The introduction of microcomputers in the late 1970s changed all of that, particularly with respect to software. I vividly remember in 1982 when my friend Tommy McWilliams appeared in Newsweek magazine, of all places, complete with a color photo, since he had made the princely sum of $64,000 by selling copies of a game he created. In our little town, he was instantly famous, and I confess I was pretty jealous (I was a sophomore in high school, Tommy a junior) at the same and fortune he had attained.

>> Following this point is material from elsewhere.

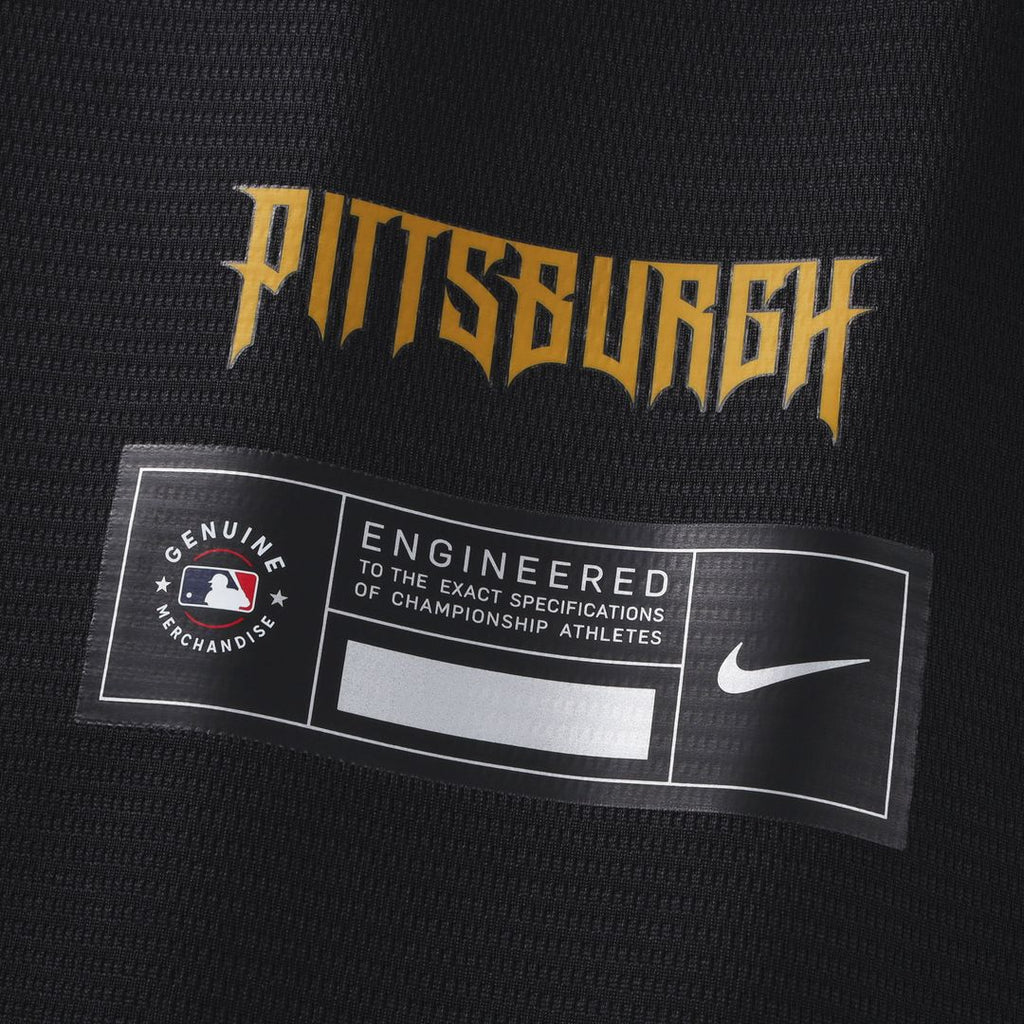 Paul Skenes Pittsburgh Pirates Nike 2026 City Connect Stadium Jersey - Black | MLB Fan Gear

In those days, all kinds of new companies were springing up, both hardware and software, created by small groups of friends (young men, invariably). There was Imagic, Activision, Atari, Apple, the list goes on and on. With a few thousand bucks, and a couple of really good brains, people actually had a chance to create something totally new which, in a few cases, grew into companies that are with us to this very day.

I know a lot about this valley and its history, and the late 1970s and early 1980s was a truly magical time, and it didn’t end there. Even Google was born in the late 1990s with just two guys, and once it was really clear that they were going to be wildly successful, two major VC firms got together and funded them with………$25 million. At the time, it seemed like such a large sum that quite a few stories were written about the momentous investment.

Those days, it seems, are long gone. We appear to have reverted back to the 1960s, because the idea of creating an actual company and growing it into something big is once again preposterous.

What’s the big new industry these days? AI, of course. What does it take to have even a chance of success there? $25 billion? $50 billion? More? There are companies like OpenAI, Anthropic, and Meta with hundreds of billions at their disposal, and the concept of going head-to-head with any of those would be like the people of the Aleutian Islands chain deciding they were going to kick the United States and China off the world economic stage. It’s just dumb.

And that saddens me. It’s not something that anyone could have changed, because these are all parts of the broad cycles of time and industrial development. Yet it’s interesting for me, over my lifespan, to have witnessed the metamorphosis of Big Industry to Entrepreneurship back to Big Industry.

The only lasting after-effect of the transformation is that individuals like me, although not creating a new business per se, can still at least make a living individually by honing their craft in whatever form it may take. So, yeah, I guess I’m that new town cobbler in a different guise.

As I glance back to my quote screens, I see the markets continue to drift higher, so with that I shall shrug my shoulders, deploy this post, and try to think what on Earth I can possibly write about next.